Kubernetes largely won the container wars. No other toolchain will ever have as complete of an ecosystem, but at the same time you also dodge the risks of betting on some SaaS solution that will milk your wallet dry with paid tiers and will fold a few years down the line. I'd say that all of the aforementioned technologies support all of the basic concerns (deployments, monitoring, storage, resource limits etc.).


Just wanted to say that I think this is an excellent overview of the landscape!


Thanks!

Of course, things might change somewhat in the next years, we have seen both new tooling be developed and become viable, like Lens (https://k8slens.dev/) and some nice CLI tooling, like k9s (https://k9scli.io/), as well as numerous other options.

Though I guess things won't change as much for Docker Swarm (which is feature complete and doesn't have much new stuff be developed for it) or Hashicorp Nomad (because their "HashiStack" covers most of what you need already).


i would have agreed with OP three years ago when kubernetes was very niche and setting it up was difficult. today, kubes is very easy to get going with.

you can set it up locally with kind or k3s for local dev, and use a cloud vendor's flavor in production. last time i tried to get a local dev env working for lambda, i spent a lot of time hacking on runtime-level stuff. it was not pleasant.

additionally, the market of devs and operators fluent in it has grown by a lot. many people are getting their CKx certs, and there are enough companies using it now to create reliable supply.

i say this because the lift from "my app is working in docker" to "my app is working in kubernetes" is much smaller than it used to be. given that OP is suggesting container runtimes as the alternative (which can get very expensive; much more so than using kubernetes for everything), i think that if a business is at a point where they are containerizing to accelerate releases, then kubernetes is a natural next step. anything else in between is at best a costly dependency and at worst throwaway.


Kubernetes are amazing at what they do, but only relevant to ~0.1% of the companies in my opinion.

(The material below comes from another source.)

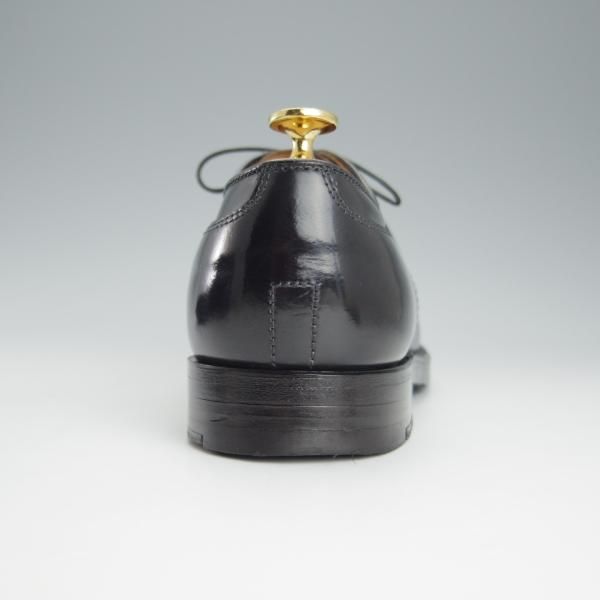 極美品★オールデン 7.5D【コードバン仕様★NST/ノルウィージャンフロント/2211】アバディーンラスト/黒/メンズ/Alden★h922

It's way too complex and too much work for the rest of the world, and not worth the time invested.

A lot can be accomplished with simple virtual machines and some sort of auto scaling groups (depending on your cloud provider they have different names).

Kubernetes are amazing at unifying your workloads on any clouds though. If you care about portability, you should either consider using kubernetes for everything or using a tool that abstracts your configuration in a cloud-agnostic way. Although I'm a bit biased on this one.


Simple is subjective and dependent on where you're coming from. If you're used to Kubernetes then managing virtual machines seems needlessly time consuming and vice versa.


Might never need kubernetes: https://stackexchange.com/performance


Stack Overflow has been increasingly using Kubernetes for last few years, though.


Oh man, my org at FB was the test bench for moving to containerization and fancy service discovery and all that (Tupperware, just a different Borg reimplementation). It eventually got pretty good, but it never stopped being mad overkill for single-thousands of boxes. When you’re in the 10s or 100s of thousands in a fleet, or when you’ve got workloads that don’t neatly slot into your SKUs, Kube/Borg/TW/Mesos are The Way. No doubt about it.

But it’s always seemed zany to me to stack namespaces/cgroups/etc. on top of Xen or whatever EC2 is using. Yo dawg I heard you like an abstract machine so I put…

There are just separate concerns:

- reproducibility (shared libraries argggghh) - resource limits to bin-pack SKUs - service discovery - failover - operational affordance

And I’ve seen it get so ugly to conflate these very different imperatives. Running 100Ks that need to web serve on demand but web index when idle? Yeah, now you need the whole enchilada.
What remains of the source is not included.